According to The Winemaker’s Answer Book when working with a standard kit you can add less water to the grape juice concentrate so that the sugar is between 25-30%. Most kits (according to the book) have sugar levels between 22-24%.

When working with grapes you’ll want to ensure that you have sugar levels between 25-35 Brix. You may need to chaptalize your must to get sugar levels high enough.

Make sure you pick out a yeast with an alcohol tolerance upwards of 16% or so. Champagne yeasts tend to have high tolerances for alcohol.

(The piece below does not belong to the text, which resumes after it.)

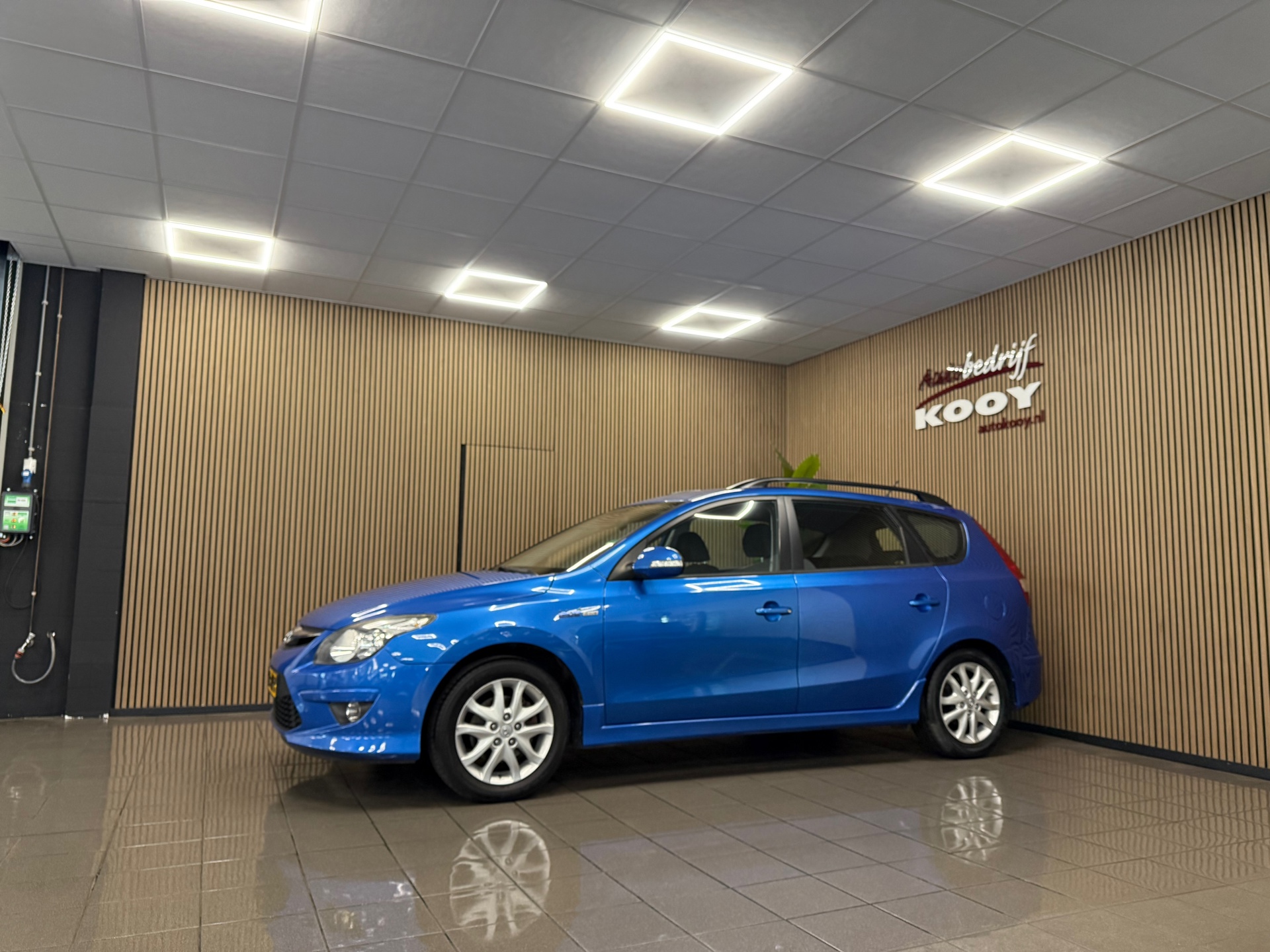 Hyundai I30 CW 1.6i i-Motion * Goed onderhouden / Trekhaak / Cruise control / Airco-ecc *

When you add your alcohol will depend upon whether or not you’re making a sweet or dry fortified wine. If you want a sweet wine taste the it as it ferments and add your fortifying spirit when the sweetness is to your liking.

If you’re going for a dry fortified wine go ahead and make your base wine as you normally would (aside from adjusting sugar levels if you need to) and once it’s done fermenting add your grape spirit.

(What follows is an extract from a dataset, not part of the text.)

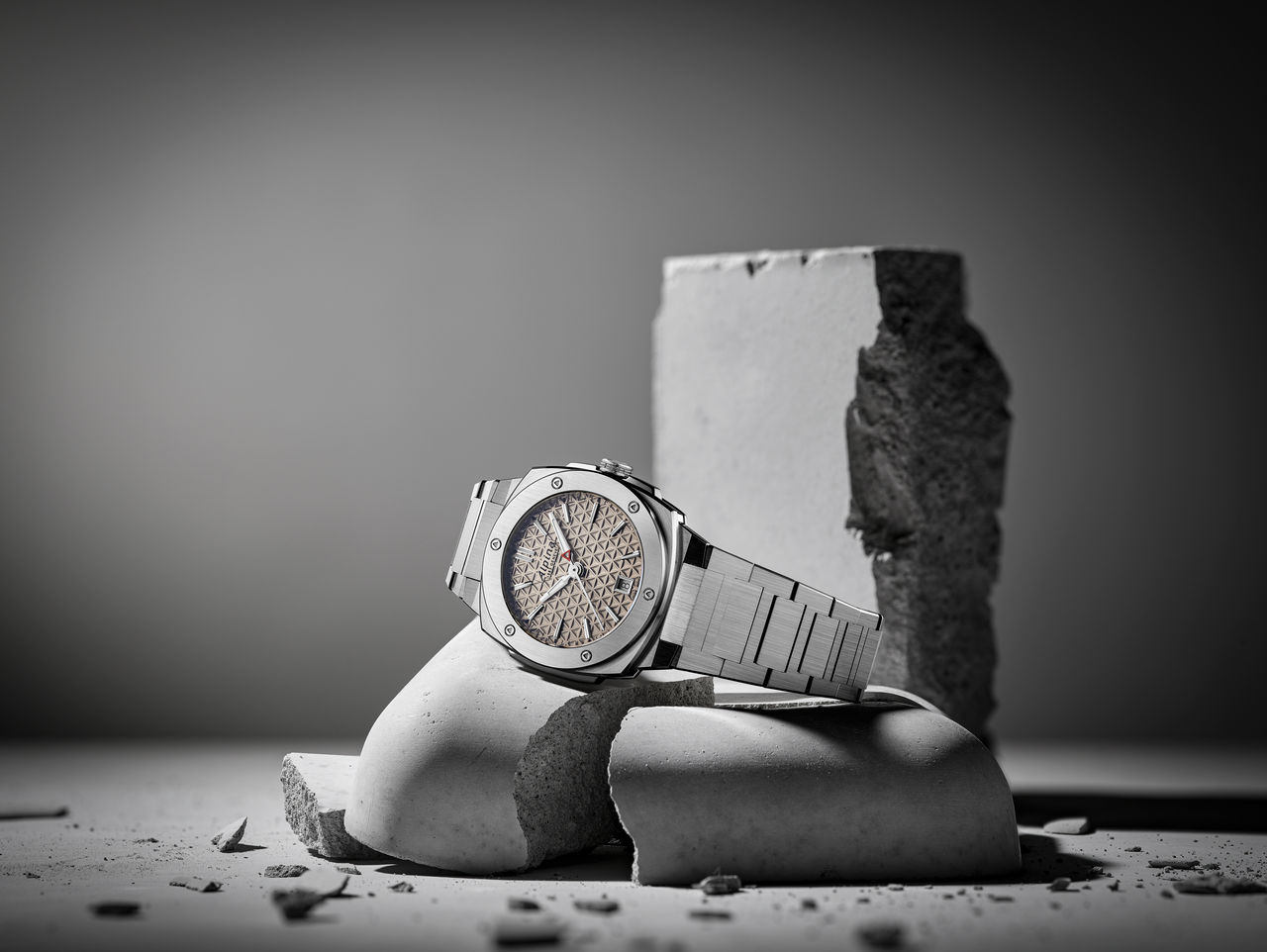 2024_Alpina_Alpiner_Extreme_Quartz_AL-220BG2AE6B_PR_SD.jpg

The amount of alcohol you need to add can be determined using the Pearson Square. In general Ports range in alcohol content from 19-23%.

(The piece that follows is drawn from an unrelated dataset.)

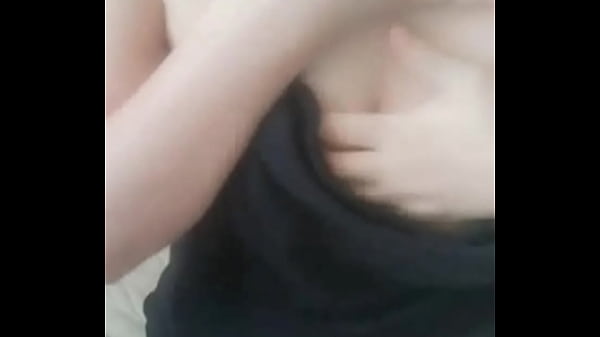 Pretty Life - White-collar workers secretly masturbate on the sofa in the lounge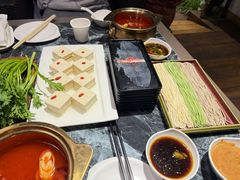 -慢丽江·云南野生菌土鸡锅(西山店)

After fortification proceed with clearing and bottling as you would with any other wine. Potassium sorbate will not be needed as the high alcohol levels will prevent further fermentation.

Delicious photograph by: liz west

  • Herb Yingling

    I have 2 gallons of very dry 1.5 year old Barbara grape wine about 14% ABV. The wine has never been above 45 degrees and there are no preservitives in the wine. Can I put it back in a carboy and add sugar to about 1.12 sg then add yeast and re-ferment until about 1.05 sg, rack,until clear then backsweenten to taste, will I have a fortified wine similar to a Port?

    • Hi Herb, great question. At 14% ABV it might be a challenge to get fermentation going again even if you do add a bit of sugar.

      If you did want to do this you would have to go with a yeast strain that has a high tolerance for alcohol, something like EC1118. What you’d need to do is add some sugar and treat the wine as if it were a stuck fermentation. That means creating a starter using a powerful yeast and rekindling fermentation that way.

      I wouldn’t add enough sugar to go all the way to 1.12. That amount of sugar definitely would not get fermented out even by a yeast with a high tolerance for alcohol. Also, a high sugar content and high alcohol content together could be quite prohibitive for yeast.

      One option would be to add some sugar, restart fermentation, then periodically add small amounts of sugar. Eventually fermentation will stop due to the alcohol level. Then you can add any additional sugar to sweeten it to your taste. It’s also a good idea to stabilize or filter the wine to prevent the yeast from getting started again later.

      Fortified wines, technically, are wines that have additional alcohol added to a finished wine in the form of brandy. If you want to make a port out of this wine, the easy way would be to pick up some brandy and start adding it until it tastes good to you. The additional alcohol will serve to stabilize the wine (this is how fortified wines came about in the beginning as well) as there aren’t many spoilage micro-organisms that can tolerate alcohol over 20% or so.

      I hope this helps Herb! Let us know what you decide to do and how it turns out.